Selain itu dengan adanya pembangunan, pria paruh baya ini juga mendapat penghasilan sampingan dengan menjadi kuli dadakan jika ada truk material bangunan datang untuk menurunkan batu kali, batu krikil dan pasir. “Tiap hari pasti ada truk yang datang. Dari situ kita ngejar truknya bakal bantuin nurunin material. Nanti ada upahnya.”
Dalam waktu sama, Bang Reza yang kebetulan sedang menunggu kedatangan truk material, berujar, “Dalam sehari kalo nguli paling sedikit pasti ngantongin Rp. 50.000,-.”
Cerita-cerita yang kami dengar cukup menarik untuk sedikit menggambarkan kehidupan masyarakat perbatasan. Namun dari segala keuntungan pembangunan yang ada, Pak Madun memendam kekhawatiran tentang warungnya yang akan digusur oleh pihak pengembang lain yang sedang membangun perumahan Bunga Pratama persis di sebelah perumahan Pamulang Elok. “Kayanya warung saya bakal digusur, soalnya ini warung ada di atas tanah pengembang.”
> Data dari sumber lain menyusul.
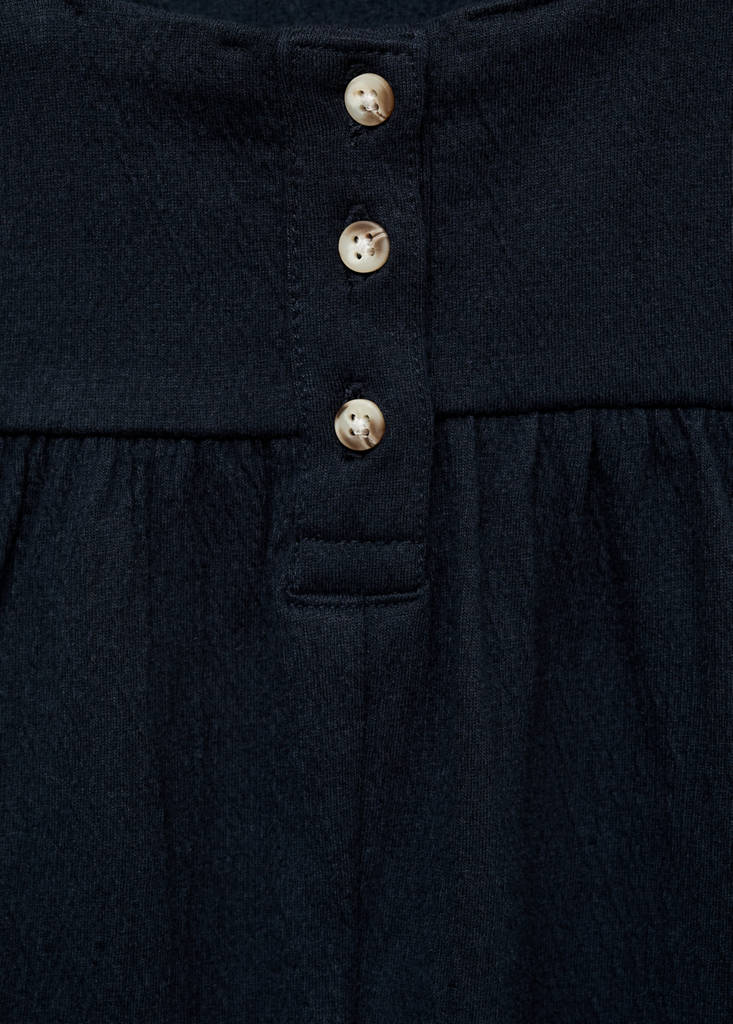 Straight short jumpsuit — Dark Navy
Di depan warung kopi Pak Madun memang terlihat spanduk perumahan Bunga Pratama yang segera berdiri. Bahkan di sisi kanan warung milik pria berkulit sawo matang itu, kami bisa melihat lahan luas yang sudah diuruk dengan tanah merah.
Selebihnya tentang situasi lingkungan dan kehidupan masyarakat perbatasan Banten dan Jawa Barat, aku dan Mira hanya dapat melihat aktivitas lalu-lalang warga Banten dan Jawa Barat yang saling melintasi perbatasan. Ada juga pembangunan gedung Research Clinic Universitas Islam Negeri (UIN) Syarif Hidayatullah di wilayah Pamulang Timur, Tangerang Selatan, yang bersebelahan dengan rumah makan Padang di wilayah Sarua, kota Depok. Kami juga mendengar obrolan beberapa warga tentang beragam permasalahan di warung kopi tersebut dengan logat campuran Sunda dan Betawi.
Waktu Pun telah berlalu. Tak kami sangka gelas kopi itu pun sudah kosong. Hal ini membuat kami menyudahi obrolan bersama warga perbatasan Provinsi Jawa Barat dan Banten lalu beranjak dari warung itu untuk melanjutkan aktivitas lainnya. Dari situ aku berharap temanku Mira dapat menikmati rasa segelas kopi perbatasan yang sudah kucium aromanya sejak dua belas tahun yang lalu.